**What you have to do**.
From the line that contains "tombstone more movie" down to the last line of the data below, restate every line word for word, skipping any images.
══ Dataset content
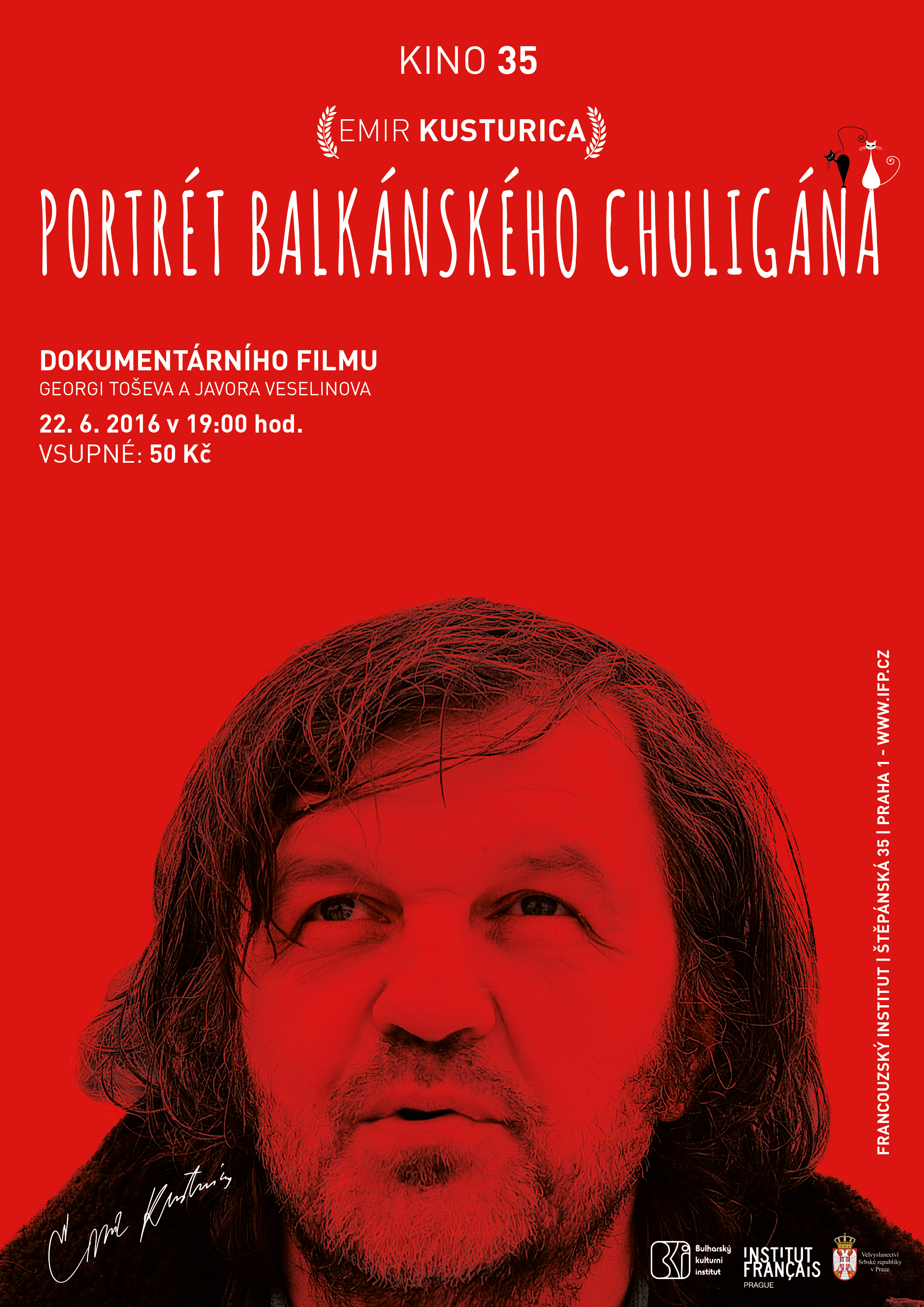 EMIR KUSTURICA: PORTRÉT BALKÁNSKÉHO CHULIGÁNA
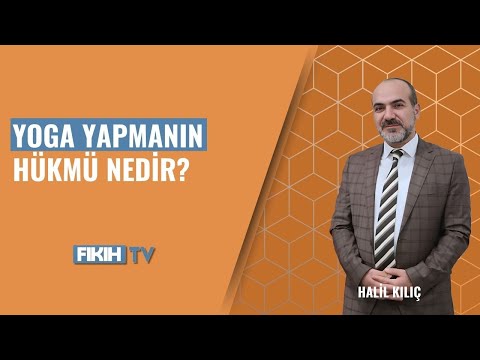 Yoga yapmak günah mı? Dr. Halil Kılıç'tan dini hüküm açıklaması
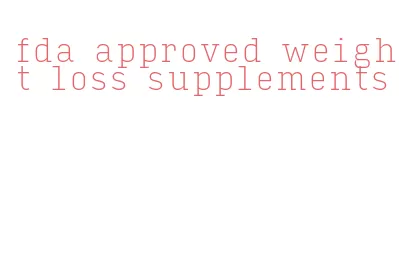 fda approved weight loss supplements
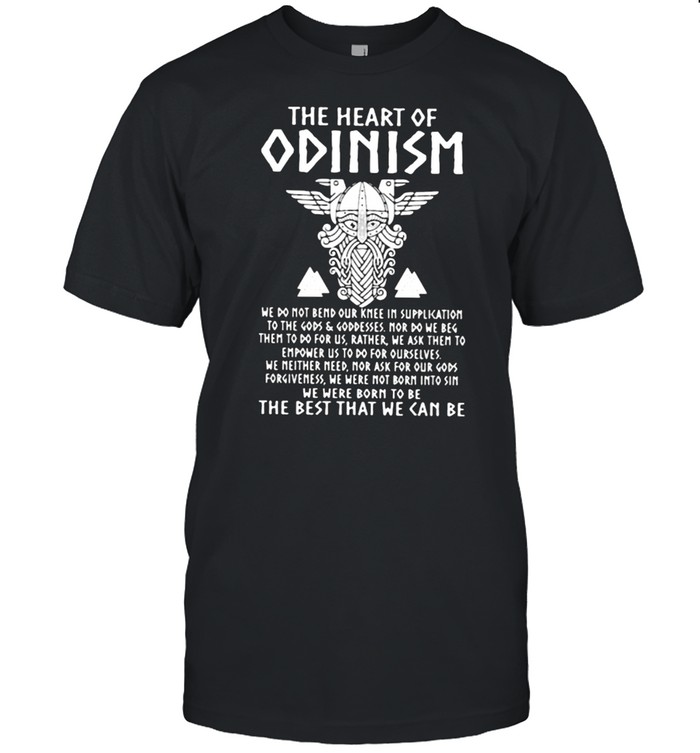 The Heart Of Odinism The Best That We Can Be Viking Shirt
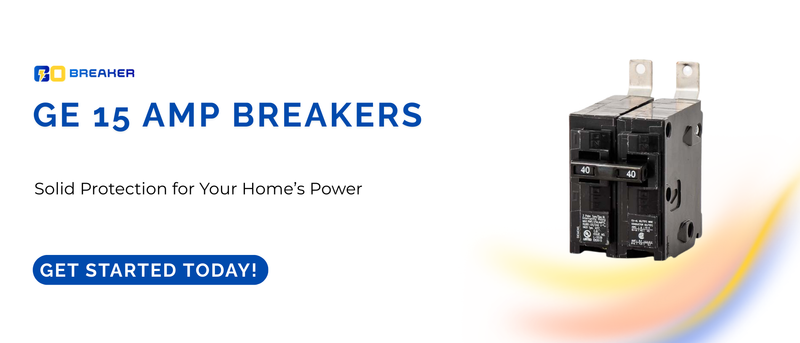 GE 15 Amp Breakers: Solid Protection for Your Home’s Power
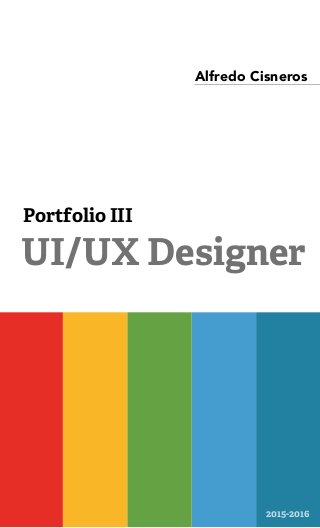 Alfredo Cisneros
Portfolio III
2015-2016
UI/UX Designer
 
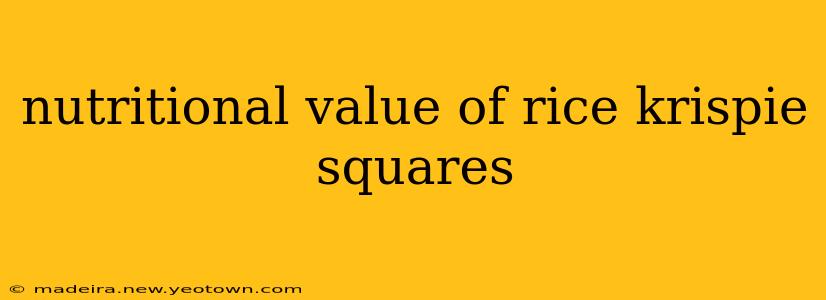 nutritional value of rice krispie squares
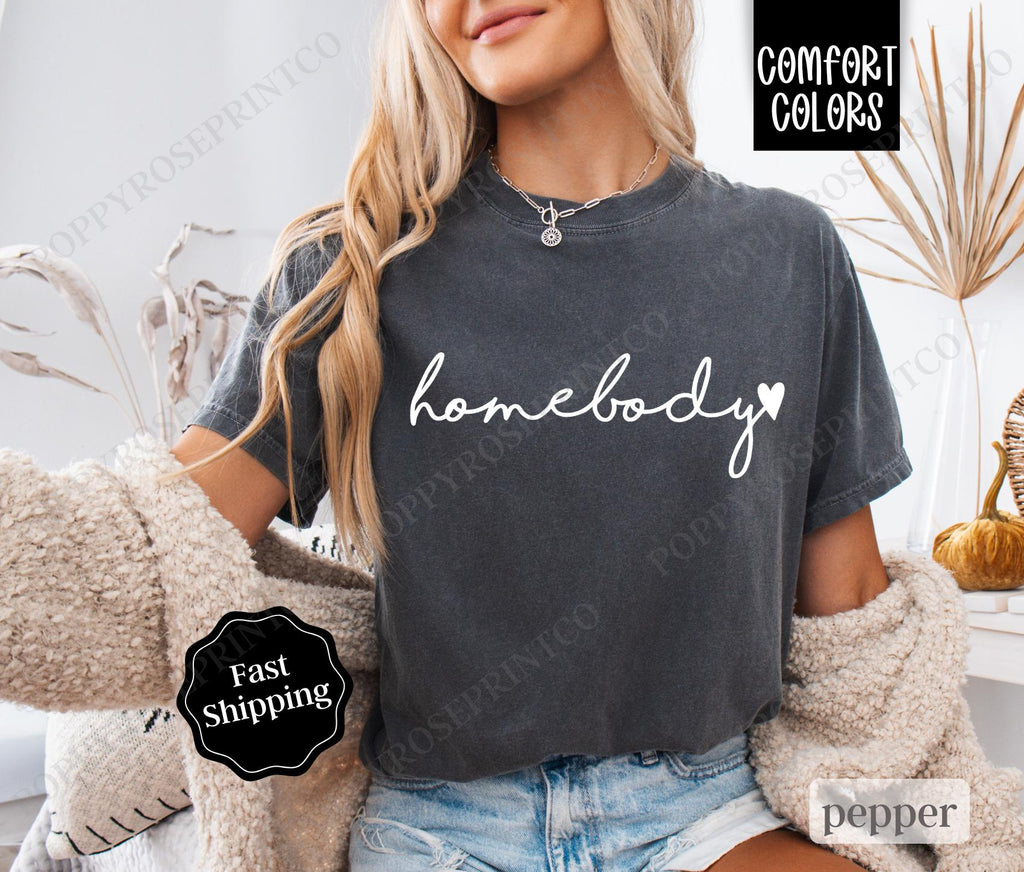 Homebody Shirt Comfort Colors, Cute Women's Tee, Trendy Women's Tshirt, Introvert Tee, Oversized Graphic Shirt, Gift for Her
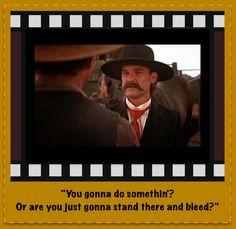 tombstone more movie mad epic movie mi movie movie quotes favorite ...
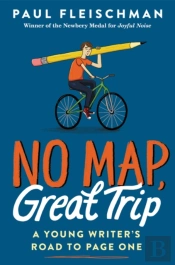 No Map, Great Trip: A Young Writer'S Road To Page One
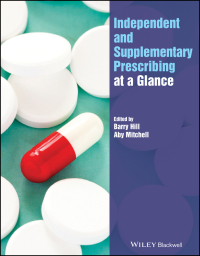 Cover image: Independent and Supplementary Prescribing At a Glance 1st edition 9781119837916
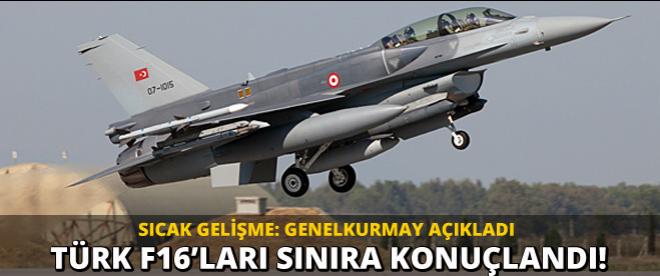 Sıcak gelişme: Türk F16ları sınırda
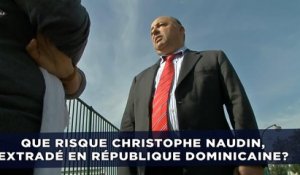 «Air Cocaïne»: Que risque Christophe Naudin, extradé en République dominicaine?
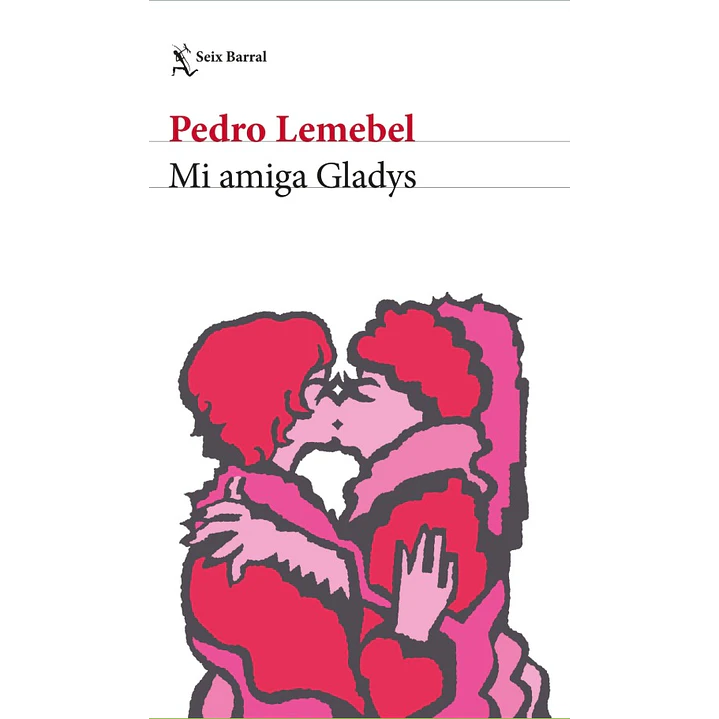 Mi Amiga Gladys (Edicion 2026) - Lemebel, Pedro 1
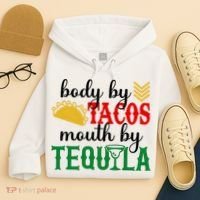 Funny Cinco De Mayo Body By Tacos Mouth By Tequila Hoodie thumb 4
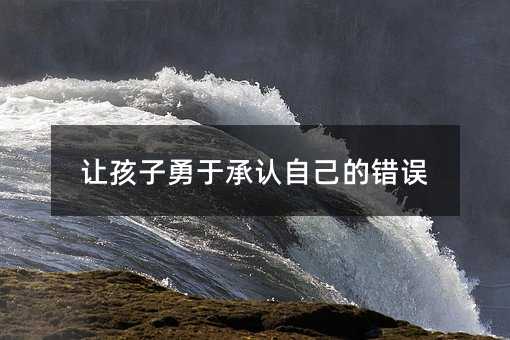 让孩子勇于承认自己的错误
════
**Response to the exercise**.
 tombstone more movie mad epic movie mi movie movie quotes favorite ...
 No Map, Great Trip: A Young Writer'S Road To Page One
 Cover image: Independent and Supplementary Prescribing At a Glance 1st edition 9781119837916
 Sıcak gelişme: Türk F16ları sınırda
 «Air Cocaïne»: Que risque Christophe Naudin, extradé en République dominicaine?
 Mi Amiga Gladys (Edicion 2026) - Lemebel, Pedro 1
 Funny Cinco De Mayo Body By Tacos Mouth By Tequila Hoodie thumb 4
 让孩子勇于承认自己的错误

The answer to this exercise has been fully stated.